= Jan Smuts in the Boer War =

South African statesman and military leader

Jan Christiaan Smuts, OM (24 May 1870 - 11 September 1950) was a prominent South African and Commonwealth statesman and military leader. He served as a Boer general during the Boer War, a British general during the First World War and was appointed field marshal during the Second World War. In addition to various cabinet appointments, he served as prime minister of the Union of South Africa from 1919 to 1924 and from 1939 to 1948. He played a leading part in the post war settlements at the end of both world wars, making significant contributions towards the creation of both the League of Nations and the United Nations.

Smuts has a role in the Second Boer War, from the outbreak of war in 1899 until the Treaty of Vereeniging in 1902. In the disastrous early stages, Smuts served in Pretoria, far behind the front line. Necessity soon thrust Smuts into the guerrilla campaign that followed. To him was entrusted the responsibility of infiltrating the Cape Colony, and persuading the Afrikaners there to stir up trouble. Although this failed, the United Kingdom soon came to the negotiating table, whereupon the two sides reached a compromise, negotiated by Smuts.

==Onset of war==

On 11 October 1899, the two Boer republics declared war on the United Kingdom. Immediately, commandos armed with German rifles and artillery and trained by the best European officers, marched into Natal and the Cape Colony. The hawkish Smuts, though, saw no service in the early stages of the war. His battlefield was Pretoria, where he served as President Paul Kruger's right-hand man. He wrote dispatches to generals, published propaganda, organised logistics, and liaised with Transvaal diplomats in Europe.

After the defeats inflicted upon the Boer forces at Ladysmith, Mafeking, and Paardeberg, the British forces, considerably outnumbering the Boers, flooded across the Orange River, and into the republics. The government of the Transvaal fled from Pretoria to convene in Machadodorp. These reverses hardened Smuts' resolve. He ordered the destruction of the gold mines, which he saw as the only British objectives, but this action was blocked by a local judge. Smuts raised an army of 500 men as quickly as he could, and demanded the banks be emptied and their reserves be placed on a train for Machadodorp. The train carrying Smuts, his soldiers, and all the Transvaal's gold was the last to leave Pretoria before the town fell, only hours later, to the British Army.

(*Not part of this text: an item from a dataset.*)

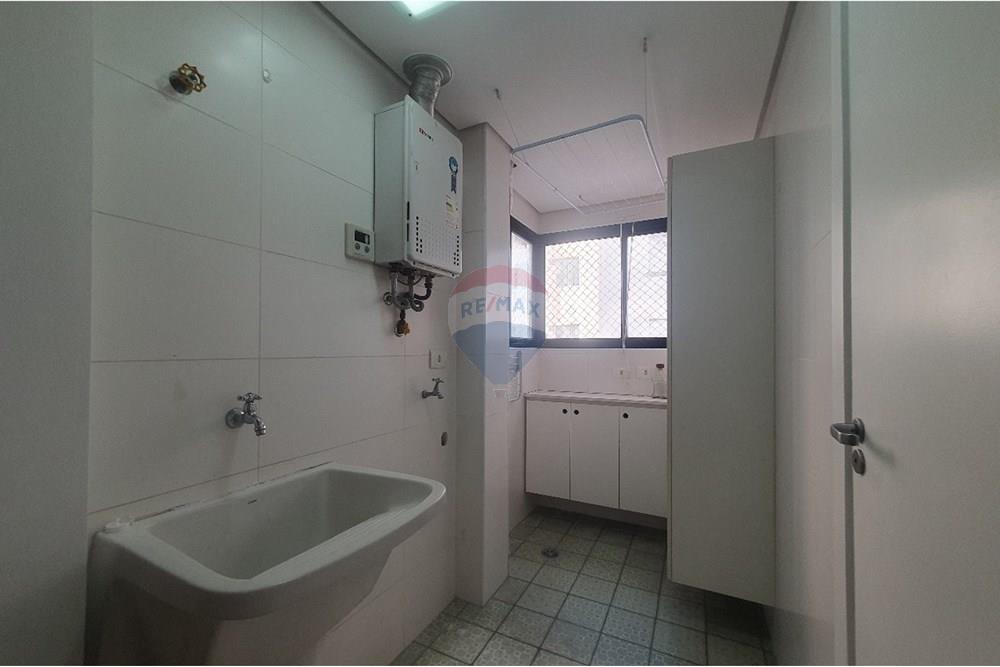 Apartamento - Alugar - São Paulo , São Paulo - WhatsApp Image 2025-07-29 at 16.17.15 (1).jpeg - 602151010-113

With every Boer town in the hands of the British, President Kruger in exile in the Netherlands, and formal resistance at an end, the British extended an offer of peace to the Boers. Acting in the name of Kruger, Smuts rejected the terms, and urged the generals to fight on. He described to Louis Botha a manner of guerrilla warfare, which would be suited to the vast expanses of the Veldt. Botha, Barry Hertzog, Christiaan de Wet, and Koos de la Rey each commanded commando forces to raid the British positions across South Africa.

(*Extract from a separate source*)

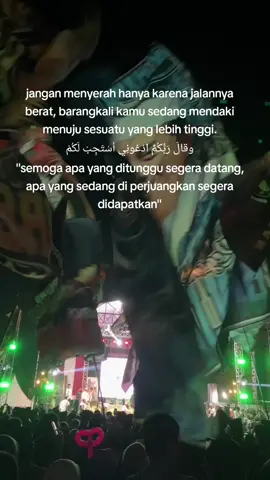 #majelisyogyakarta #majelisan #sholawatan #infosholawat #azahir #zahirmania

Smuts served with de la Rey, raiding British supply trains across the western Transvaal. He soon proved himself to be an excellent soldier, and was acutely aware of the strengths and limitations of their small force. The small force of 500 men evaded an army forty times its size, and severely weakened the supply lines of the entire British Army in South Africa. These successes were small, though, in the scale of the conflict. Whereas de la Rey and Smuts were wildly successful in their region, Botha and Hertzog (leading the two largest armies) found it difficult to replicate the tactics and success of their compatriots. Gradually, the British built a system of forts, internment camps, and armed patrols, and divided the country with barbed wire and trenches.

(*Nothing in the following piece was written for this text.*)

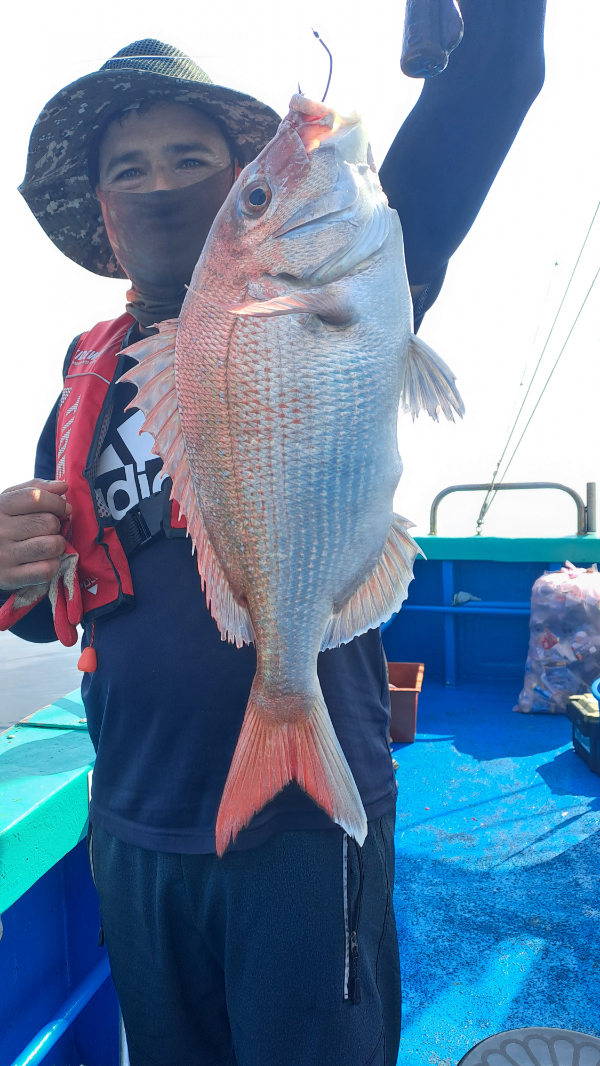 KakaoTalk_20250802_171149253_05.jpg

As it became harder to evade their armies, the Boers ran out of success. The generals met in secret and discussed peace. Botha and Smuts decided that they had greatly underestimated the resolve of the British politicians, and sent a telegram to Kruger to ask for his advice. He responded, without the full knowledge of the dire situation in which the Boers found themselves, to fight on. The Orange Free State's two representatives, Steyn and de Wet, derided the suggestion of peace. In the end, they resolved to launch one last attack, and turn the conflict on its head. Smuts was chosen to lead the operation.

== Raid on the Cape ==

The plan asked for Smuts to stealthily lead an army of 340 men into the Cape Colony. From there, he would attempt to draw support from the Afrikaners of the Cape, and instigate a general rebellion against the British government in Cape Town. For Smuts, just getting near British territory would be difficult, as Kitchener had recently launched a major campaign to rid the Orange Free State of commandos, and, especially, of Smuts. He had escaped capture by the British no fewer than a dozen times, and his forces rendezvoused on the border after a month, with only 240 men left.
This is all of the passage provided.